The ABCs of Language Testing

Workshop Review: Theresa Gorman

By Rob Nisbet

On a chilly Saturday in Wildau, Theresa Gorman led a group of us through the mysteries of the theory and practise of language testing. Theresa began by refreshing and enhancing our understanding of the key factors one must consider when setting a test for any purpose, whether a placement test, progress test or final examination. The theory came from ‘Language Testing in Practice’ (OUP 1996) by Bachman and Palmer – no, not a 1970s Prog rock group or a famous TV detective duo, but rather the authors of a useful and detailed reference work for understanding the process of the design, planning and organisation of tests.

We started off by brainstorming what we thought ‘made a useful test’. After having a chance to compare each other’s ideas we set off through a discussion of Bachman and Palmer’s 6 recommended qualities for any test, qualities that any test designer should bear in mind.

First the easy ones (paraphrased for brevity):

Authenticity – how closely does the test task correspond to the student’s real life tasks?

Reliability – can we reliably compare results from different students, at different times?

Practicality – essentially, how practical or ‘do-able’ is the test given the time and resources available to administer it?

Now the trickier ones:

Impact – the impact the test has on its takers, teachers, the educational system and society at large, both positive and negative.

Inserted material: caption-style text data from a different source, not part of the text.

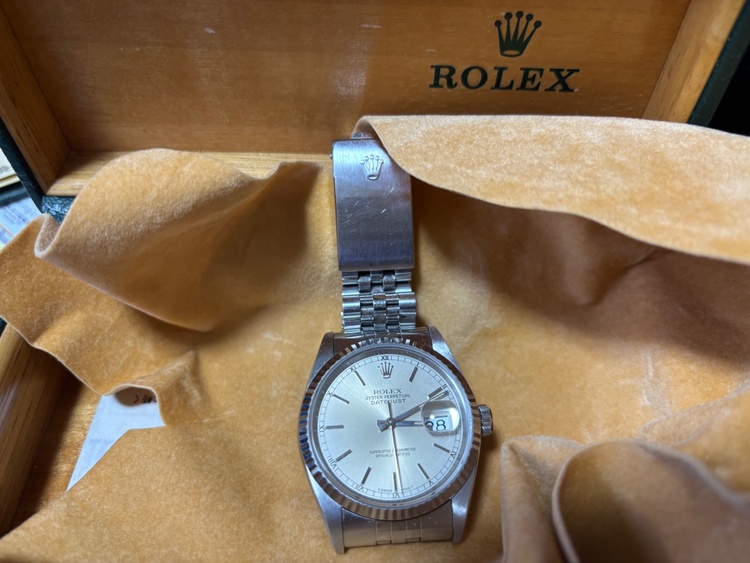 ロレックス デイトジャスト 1623（高級時計）の商品画像 - 査定依頼日：2026年2月19日 - 最高査定価格：900,000円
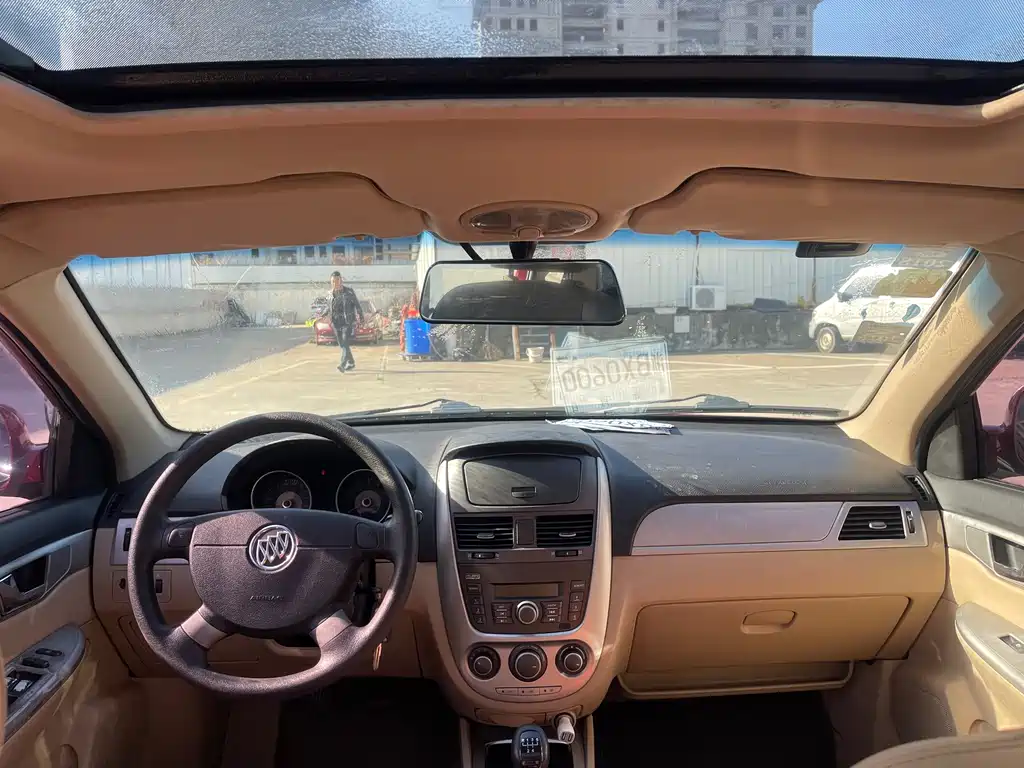 Excelle 2013 1.5L Manual Classic купить на сайте DeffCars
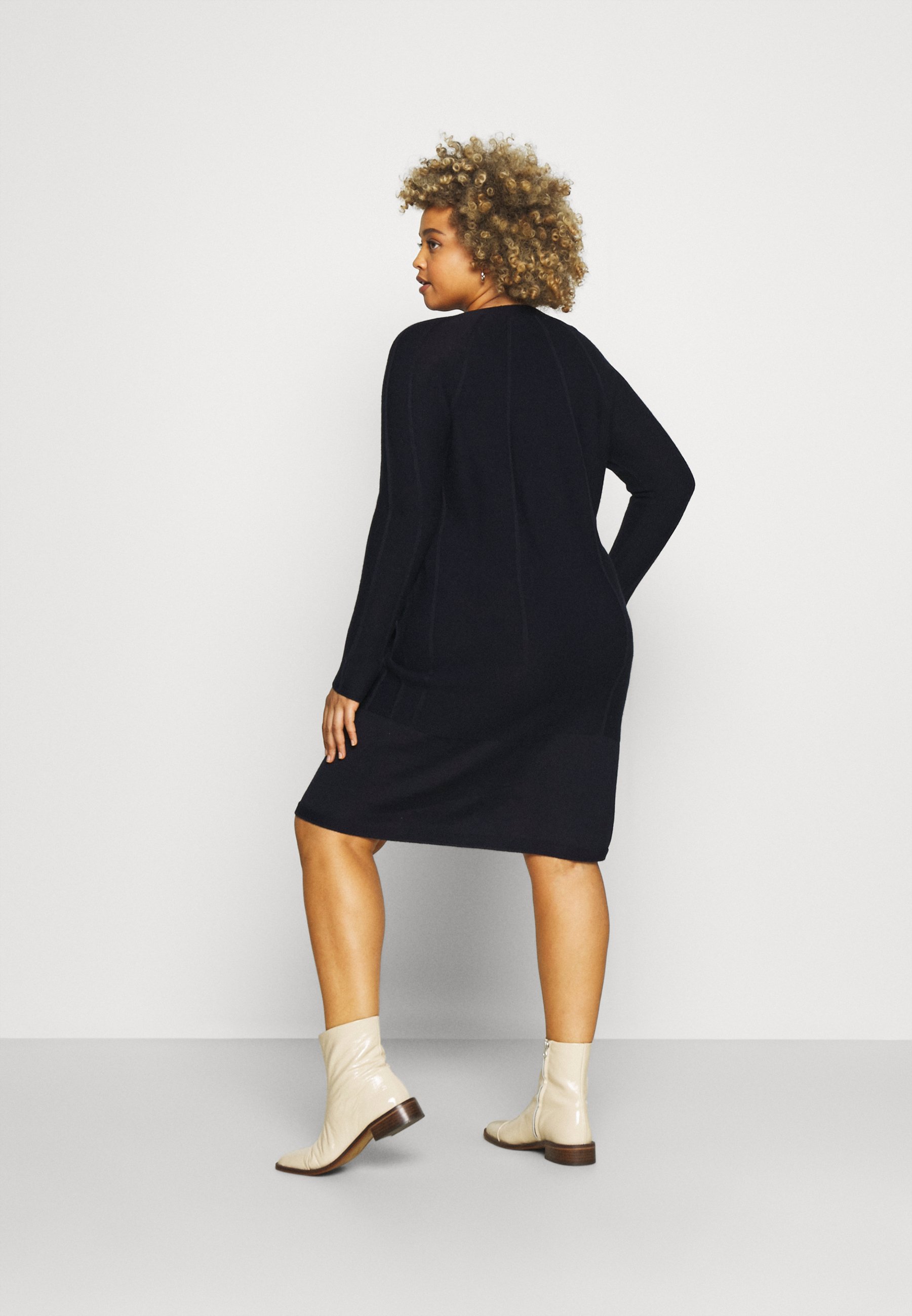 Sitio oficial Marina Rinaldi | Ropa tallas grandes mujer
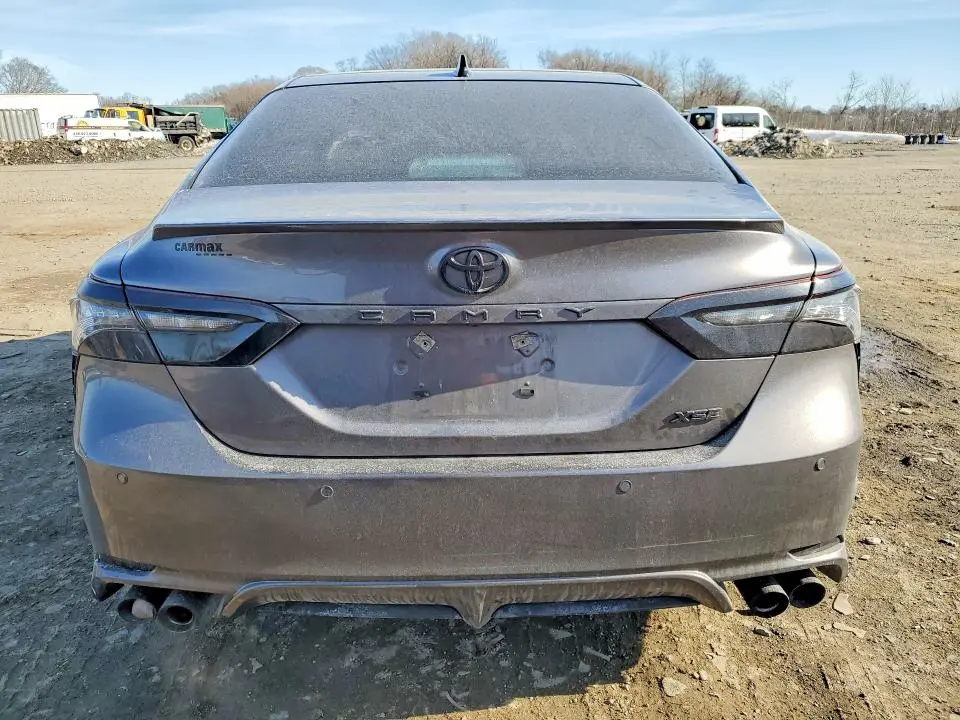 2024 TOYOTA CAMRY   
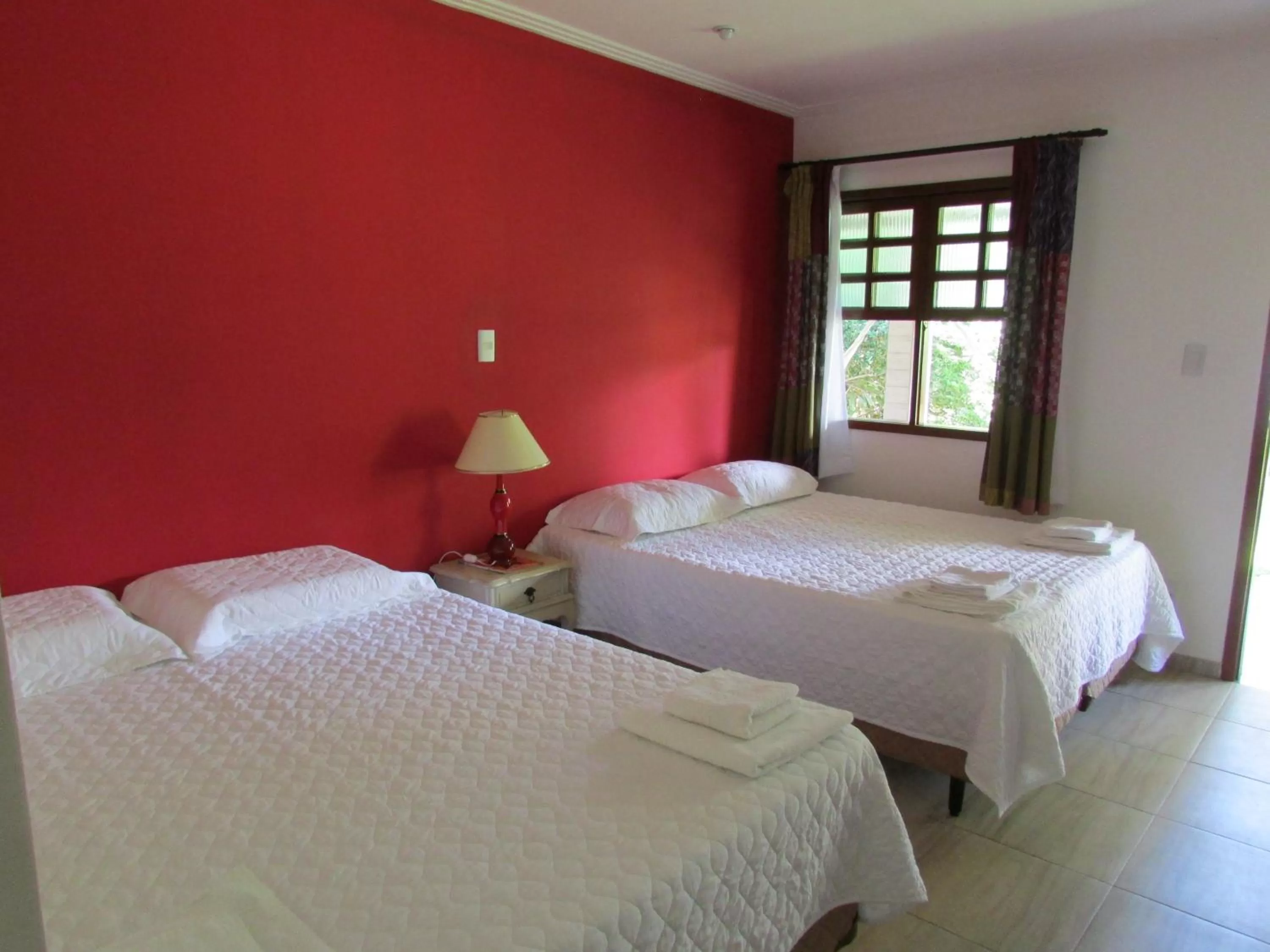 Photo of the whole room, Bed in Pousada Ipitanga IV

Construct Validity – how well does our interpretation of the scoring of the test match the students abilities in the language skills we claim to be measuring. I.e. is the test really measuring what it’s supposed to measure?

And finally:

Interactiveness – how much and in what way does a test task engage the student’s individual characteristics? These are defined as:

  • Topical knowledge, or knowledge of real-world subjects and situations
  • Affective schemata, or ‘emotional’ response to a test topic based on the student’s personal views, biases and experiences
  • Language ability

Interactiveness turned out to be the most difficult of all the 6 qualities for us to get our heads around. This was partly due to its relative complexity, but also we felt due to our own preconceptions about what ‘interactivity’ is, given the preponderance of the term in modern life. It was suggested that the term should be re-named for future discussions!

So what to do with this knowledge? Well, tests are normally made up of a number of tasks, and Bachman and Palmer state that each task plus the test as a whole should be evaluated on how well they embody these 6 qualities. In the design of the test there will inevitably be a series of judgements and perhaps compromises to be made, and so the test as a whole should be designed following these three principles:

  1. It is the overall usefulness of the test which is to be maximised, rather than the individual qualities that affect usefulness.
  2. The individual test qualities cannot be evaluated independently, but must be evaluated in terms of their combined effect on the overall usefulness of the test.
  3. Test usefulness and the appropriate balance among the different qualities cannot be prescribed in general, but must be determined for each specific testing situation.

Armed with this useful theoretical framework and refreshed by the lunch that Wildau had kindly arranged for us, Theresa invited us to try out our new skills by evaluating a number of test tasks using the criteria which we were now familiar with.

The practise scenario was a 90 minute written test, given at the end of a Business English course taken by students with a range of abilities from A2 to C1, and including such topics as formal letter writing, email and report writing and conversation in various scenarios.

We worked in pairs, each pair evaluating one of six tasks from the test and then presenting their findings to the group. Following some discussion we gave each task a grade as to how useful we felt it was. Key to this was understanding how each task fitted into the whole, so whilst we could evaluate quite easily how each task related to the course topics and real world situations of the students, we needed to see the other tasks to evaluate how well ours fitted into the overall jigsaw.

The activity revealed how the theoretical considerations came to life in the practical considerations of designing a test. For example, was the topical knowledge required for the task of attempting to understand and complete a short report, likely to have been obtained from the course? Would even the weaker students know enough of the vocabulary and the content of a ‘Staff Performance Review System’ to understand the report, suggest section titles and then write the final section?

We argued about how clearly written some of the task instructions were, how clearly task marking criteria were set out (should % weighting be given to each criteria?) and whether a writing task which simulated a conversation scenario was appropriate at all, and if so was it too open-ended and un-structured?

We also strayed into some interesting related topics, such as how useful is it to test formal letter writing such as complaints letters when we write fewer and fewer formal letters these days (conclusion: still relevant as these are some of the most difficult letters to write) or the importance of testing ‘less formal’ English. This is the kind of English located between formal and personal, which we often use when corresponding with colleagues, collaborators or other business contacts via email, using a friendly and personal tone mixed with more formal vocabulary and work-related content.

So how was the seminar? It was authentic as we were put in the situation of evaluating and suggesting changes to tests in realistic situations. It had a positive impact as we all went away with a better understanding of what was involved in testing. And most important of all it was interactive in all senses of the word! Many thanks to Theresa and the guys at Wildau for a fun and stimulating day.